Friday, July 25, 2014


Sorry i haven't added much new content lately, but as anyone who knows me will be aware. this time of year is crazily busy for me. I'm touring a lot and i also have to fit some downtime and holidays in too.... but, there is a lot going on behind the scenes, so here's a run down of what's happening...

Firstly, we're planning a re-shoot for one of the key scenes in '7 CASES'. Why? Well, we've had some great feedback on the film and already had some distribution offers, but after letting it 'sit' for a while so that we could get to know it better, we have decided that one scene in particular needs to be better and there's no reason why we can't re-shoot. So, in September, we are shooting for another day or two to make it as good as it can be.

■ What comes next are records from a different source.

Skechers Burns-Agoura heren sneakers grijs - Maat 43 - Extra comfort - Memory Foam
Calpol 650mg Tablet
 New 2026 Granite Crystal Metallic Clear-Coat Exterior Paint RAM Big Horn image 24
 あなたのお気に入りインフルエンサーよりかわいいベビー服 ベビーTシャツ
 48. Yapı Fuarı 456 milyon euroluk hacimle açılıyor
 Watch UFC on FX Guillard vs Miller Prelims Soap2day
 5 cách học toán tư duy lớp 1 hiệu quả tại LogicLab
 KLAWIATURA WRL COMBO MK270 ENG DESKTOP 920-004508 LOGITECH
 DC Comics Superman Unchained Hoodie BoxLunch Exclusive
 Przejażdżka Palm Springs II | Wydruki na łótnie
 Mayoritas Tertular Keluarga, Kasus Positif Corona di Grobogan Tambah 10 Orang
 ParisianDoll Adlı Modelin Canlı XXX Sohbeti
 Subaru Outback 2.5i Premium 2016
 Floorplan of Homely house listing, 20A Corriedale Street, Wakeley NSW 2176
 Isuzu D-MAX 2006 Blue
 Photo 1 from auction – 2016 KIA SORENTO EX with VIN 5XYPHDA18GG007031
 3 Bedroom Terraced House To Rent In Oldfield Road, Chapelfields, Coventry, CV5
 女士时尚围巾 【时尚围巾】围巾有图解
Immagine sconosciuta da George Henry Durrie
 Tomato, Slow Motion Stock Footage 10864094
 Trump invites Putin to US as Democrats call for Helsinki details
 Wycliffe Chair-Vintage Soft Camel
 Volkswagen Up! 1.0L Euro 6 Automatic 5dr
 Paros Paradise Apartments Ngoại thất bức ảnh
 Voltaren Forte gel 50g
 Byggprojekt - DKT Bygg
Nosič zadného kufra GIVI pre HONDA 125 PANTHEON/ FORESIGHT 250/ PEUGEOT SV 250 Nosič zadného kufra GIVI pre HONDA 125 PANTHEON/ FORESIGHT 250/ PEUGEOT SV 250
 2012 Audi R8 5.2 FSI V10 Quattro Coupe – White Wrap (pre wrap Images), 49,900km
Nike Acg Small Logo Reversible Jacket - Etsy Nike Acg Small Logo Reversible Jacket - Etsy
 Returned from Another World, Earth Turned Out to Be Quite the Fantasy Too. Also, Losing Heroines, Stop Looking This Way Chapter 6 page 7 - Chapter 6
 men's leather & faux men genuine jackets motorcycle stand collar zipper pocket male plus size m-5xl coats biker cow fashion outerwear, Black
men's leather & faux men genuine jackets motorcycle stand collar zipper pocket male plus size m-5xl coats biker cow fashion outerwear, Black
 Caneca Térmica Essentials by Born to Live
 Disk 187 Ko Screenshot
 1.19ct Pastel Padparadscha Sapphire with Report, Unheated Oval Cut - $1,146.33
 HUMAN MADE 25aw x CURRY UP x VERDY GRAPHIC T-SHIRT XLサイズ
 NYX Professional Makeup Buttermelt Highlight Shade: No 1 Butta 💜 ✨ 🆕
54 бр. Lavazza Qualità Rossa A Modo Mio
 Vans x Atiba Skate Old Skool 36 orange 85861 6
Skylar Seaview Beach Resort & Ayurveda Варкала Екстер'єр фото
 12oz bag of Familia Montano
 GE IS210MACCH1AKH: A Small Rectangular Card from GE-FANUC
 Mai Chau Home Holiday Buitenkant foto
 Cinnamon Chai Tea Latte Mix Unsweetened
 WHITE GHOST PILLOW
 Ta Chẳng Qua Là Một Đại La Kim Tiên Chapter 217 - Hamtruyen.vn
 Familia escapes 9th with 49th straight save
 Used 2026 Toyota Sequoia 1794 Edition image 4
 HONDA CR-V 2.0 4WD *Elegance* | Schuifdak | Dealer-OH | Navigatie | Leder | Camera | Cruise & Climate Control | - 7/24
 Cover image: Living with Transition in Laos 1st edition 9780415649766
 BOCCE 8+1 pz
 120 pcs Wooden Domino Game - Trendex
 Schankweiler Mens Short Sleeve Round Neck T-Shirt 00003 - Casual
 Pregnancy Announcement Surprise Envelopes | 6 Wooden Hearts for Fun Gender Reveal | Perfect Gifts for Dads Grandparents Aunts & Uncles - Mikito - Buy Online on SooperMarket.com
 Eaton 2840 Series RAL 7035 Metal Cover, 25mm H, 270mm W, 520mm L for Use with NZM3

Secondly, we're deep in preparations for the next feature 'HINDSIGHT'. We have hired a Production Designer and we're using Leoni Kibbey again for the casting. We're also in talks with CG artists and DPs. I'm re-writing a big chunk of the script at the moment as we made a big creative decision about the main character that meant we had to go back and fix a quite a few scenes... it'll all be worth it in the end.

Lastly, i'm in preparations for another big US tour this summer. I'm doing FOH mixing for both Howard Jones and Tom Bailey of The Thompson Twins for the Retro Futura Tour all over the USA.... we'll be visiting New York, Chicago, LA, San Diego, San Francisco, Tempe, Boston, Philadelphia, Lincoln, Toronto (Canada, obviously), Cleveland and plenty more...  would be great to see you all there.

One more thing.... i just found out that i'm going back to Japan in November, so i thought i post this that i shot last time i was there. Hopefully, i'll take a GH4 and an A7S next time...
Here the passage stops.